Entries supplied:

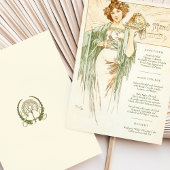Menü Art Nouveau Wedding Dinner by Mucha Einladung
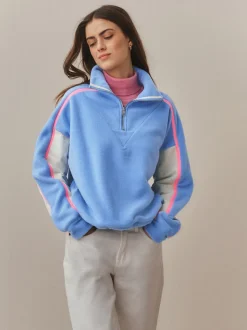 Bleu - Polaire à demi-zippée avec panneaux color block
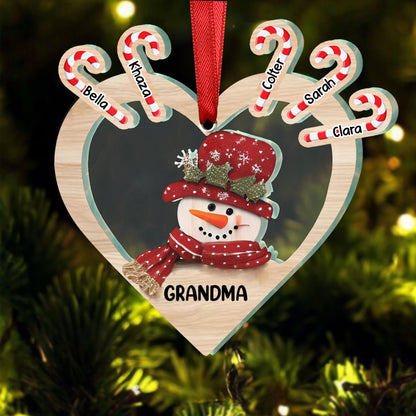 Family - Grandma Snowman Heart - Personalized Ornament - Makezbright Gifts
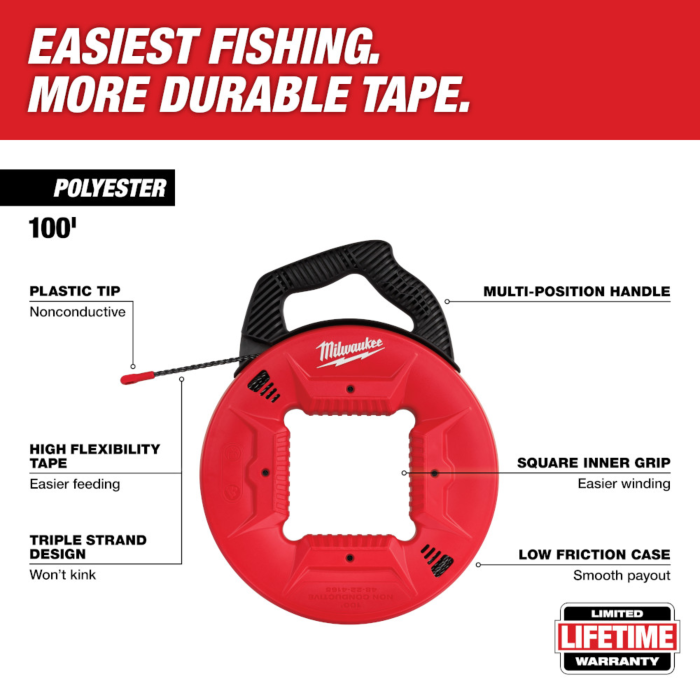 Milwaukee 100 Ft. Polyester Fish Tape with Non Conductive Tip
...
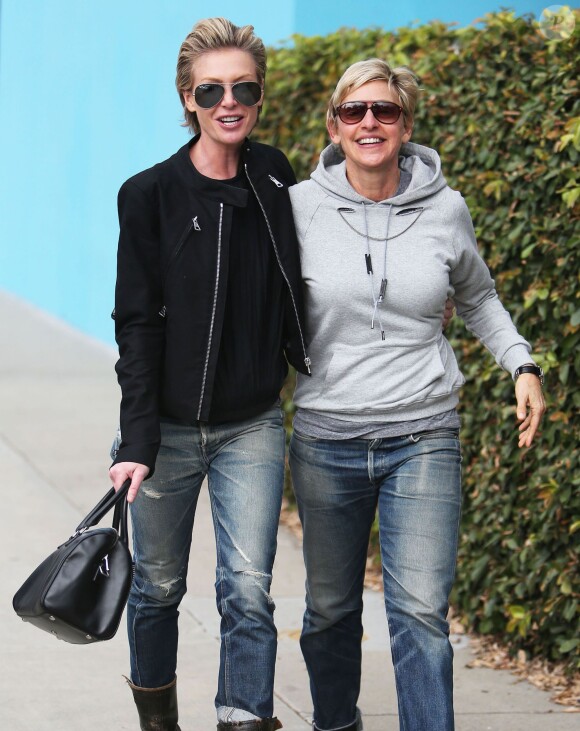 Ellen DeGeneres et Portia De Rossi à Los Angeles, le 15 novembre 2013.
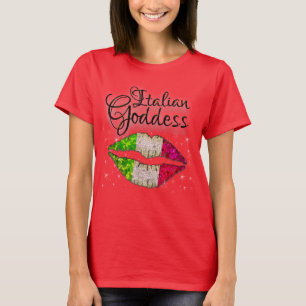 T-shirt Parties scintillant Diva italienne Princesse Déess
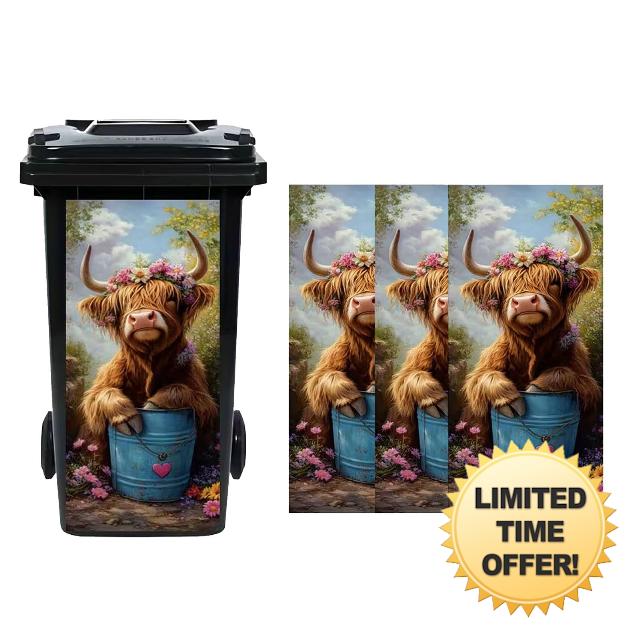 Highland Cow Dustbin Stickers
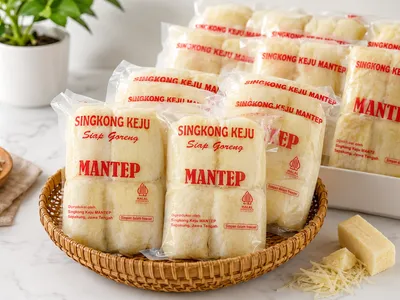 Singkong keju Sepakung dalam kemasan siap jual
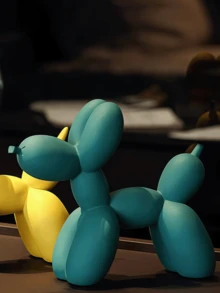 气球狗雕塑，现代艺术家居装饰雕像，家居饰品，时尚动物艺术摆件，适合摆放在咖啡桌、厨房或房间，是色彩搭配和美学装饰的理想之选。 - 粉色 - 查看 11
--
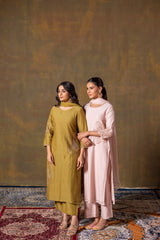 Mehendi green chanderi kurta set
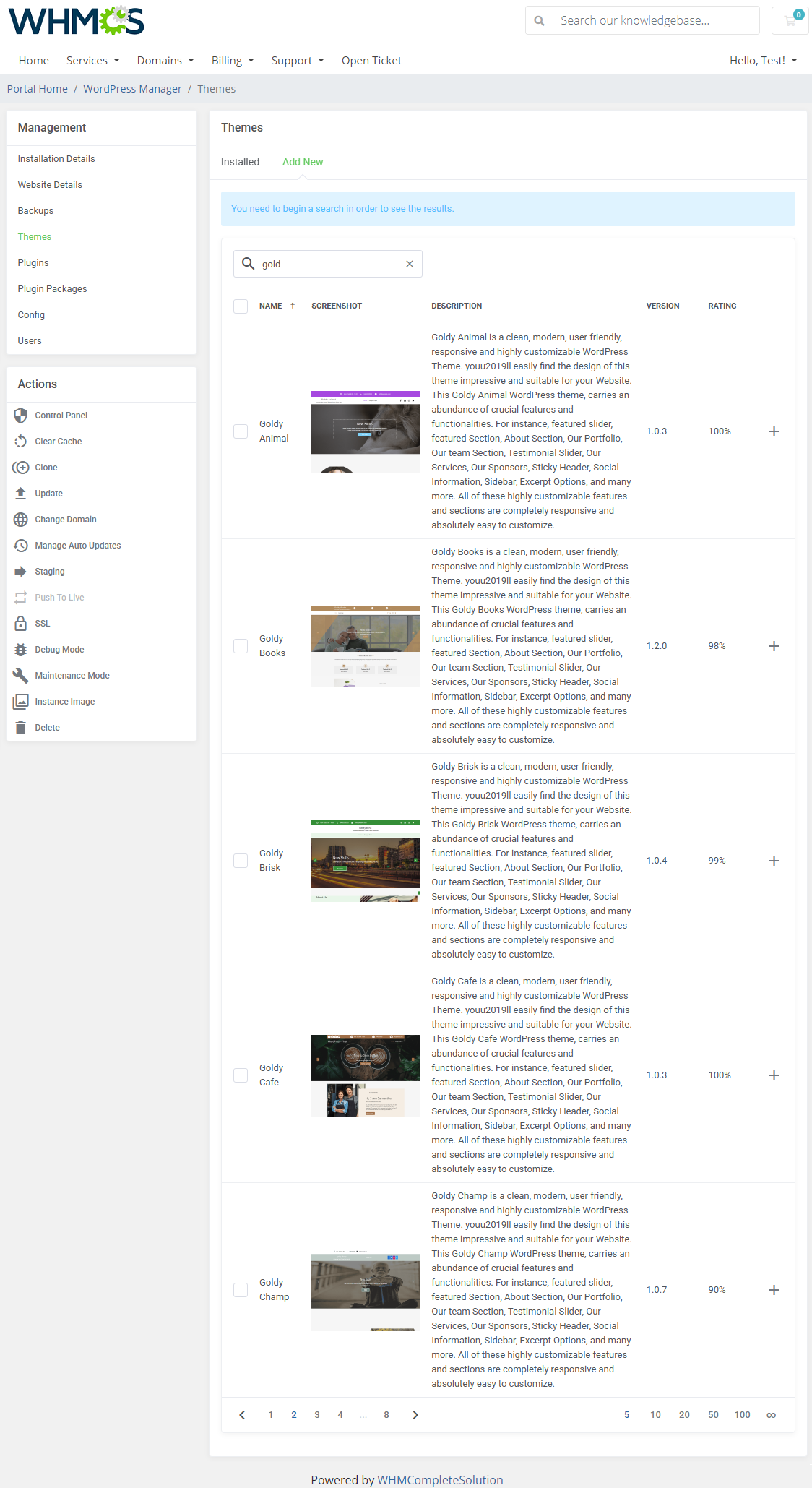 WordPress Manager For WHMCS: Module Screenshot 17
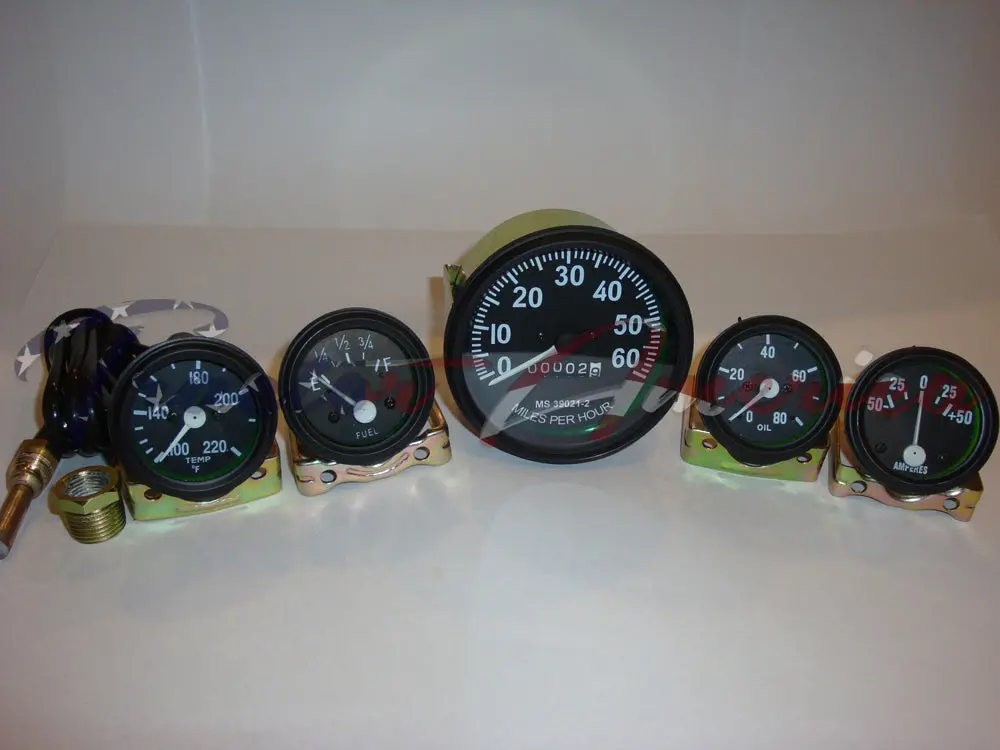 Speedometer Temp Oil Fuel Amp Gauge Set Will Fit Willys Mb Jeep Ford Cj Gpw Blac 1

Task: Would you write out exactly the lines above, starting at the line containing "Menü Art Nouveau" and stopping after the line containing "Milwaukee 100 Ft."? Omit the pictures.

Your solution:
Menü Art Nouveau Wedding Dinner by Mucha Einladung
 Bleu - Polaire à demi-zippée avec panneaux color block
 Family - Grandma Snowman Heart - Personalized Ornament - Makezbright Gifts
 Milwaukee 100 Ft. Polyester Fish Tape with Non Conductive Tip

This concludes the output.